As fun as it can be discovering gameplay organically, it can also be a huge disappointment to find you've been blindly grinding away in the wrong direction for tens of hours.
Unfortunately the quest for that timed out and, despite breaking off and appearing to have my own "faction" color, I can't access the faction panel to so much as see who's at war with me. I can't form armies, attract lords, issue policies, or use influence. 1,000 days into the game and I'm blindsided by an arbitrary mechanic that makes the whole campaign pointless.
I think I need to play something else.
Give it a while before touching it again - My current save got stuck with a crash to desktop bug a few seconds after the save is made so going to abandon it. Hopefully things get more stable soon. Was more disappointed to find out how many of the perks you can choose in skill tree actually does nothing at all.

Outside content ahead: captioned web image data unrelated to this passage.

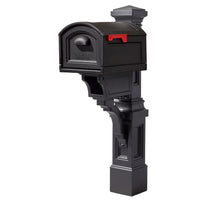 Atherton Mail Post & XL Mailbox™ - Onyx Black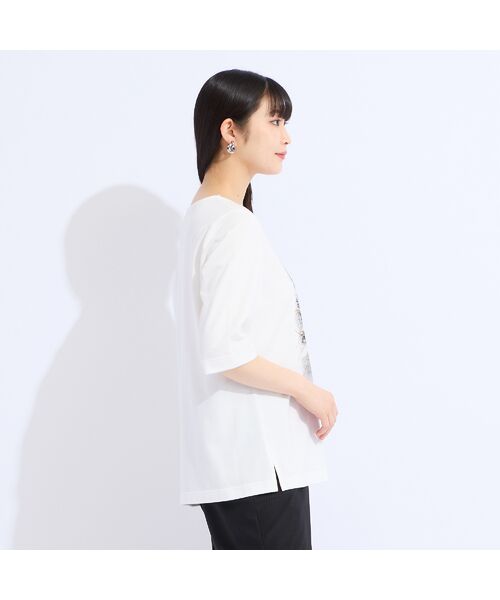 Liliane Burty(Lサイズ) / リリアンビューティ カットソー | 【M~4L】ウォッシャブル顔料プリントTシャツ | 詳細3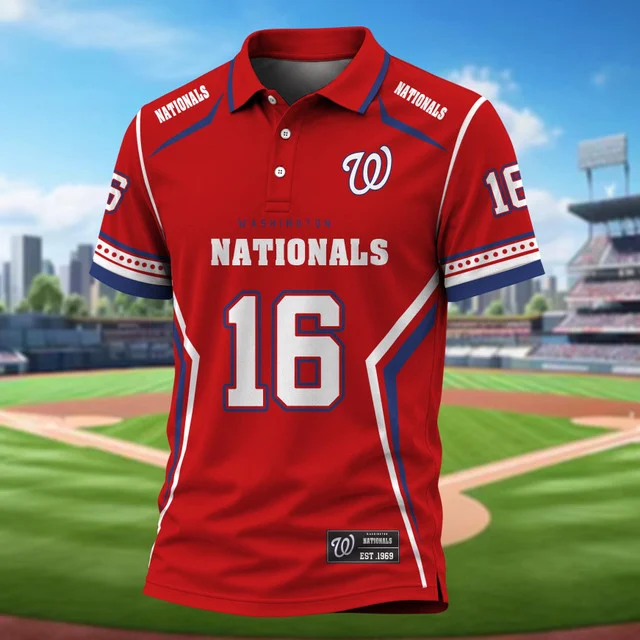 Limited Edition – Customized MLB Washington Nationals Polo Shirt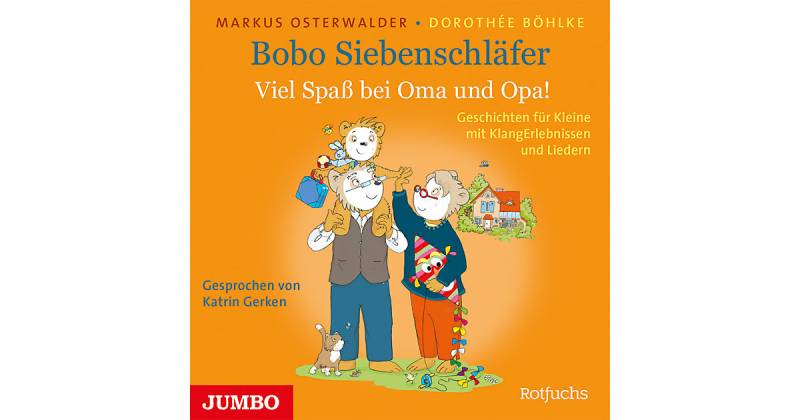 Bobo Siebenschläfer - Viel Spaß bei Oma und Opa! Hörbuch von Jumbo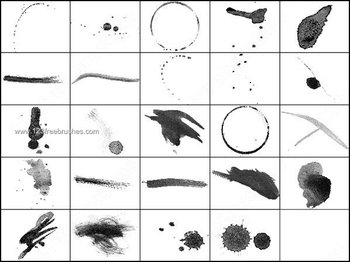 Paint – Stains – Grunge Lines Photoshop Brushes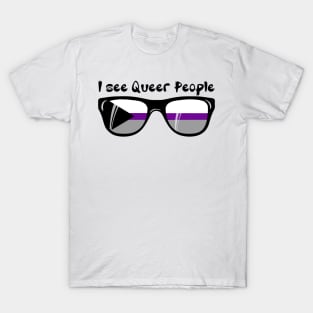 Demisexual Sunglasses - Queer People T-Shirt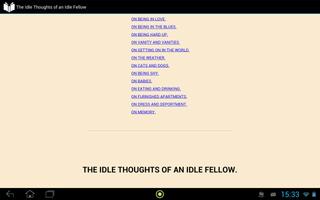 Idle Thoughts of Idle Fellow capture d'écran 3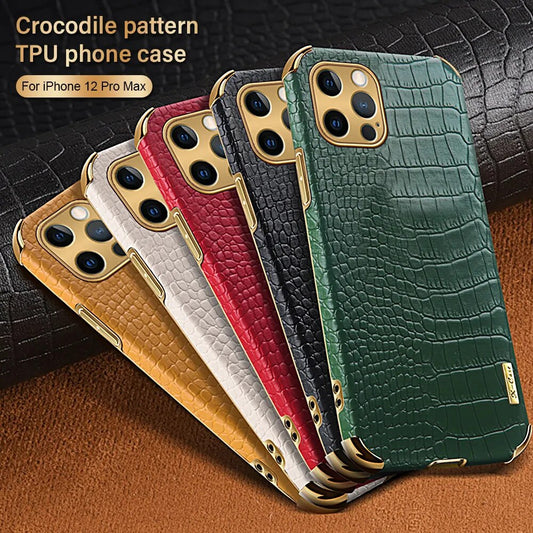 Luxury Leather Magnetic Phone Case For iPhone 15 Series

But yeah, game mechanics are made based of someone who really investigates a whole lot... I have played the earlier game M&B and still several things that took a long time to figure out.
Especially since some parts are locked to roaming about in cities while others are a quick click away from world map.
Which is just bad game design.
In a feudal setting I expect my player character to be so feudal, that he will rather keep the dumb peasantry on cabbage mousse all their life then let one of his elite troopers starve to death.
The definitely need to put some kind of ration system into the game. With less loyality and happines of the population as penalty.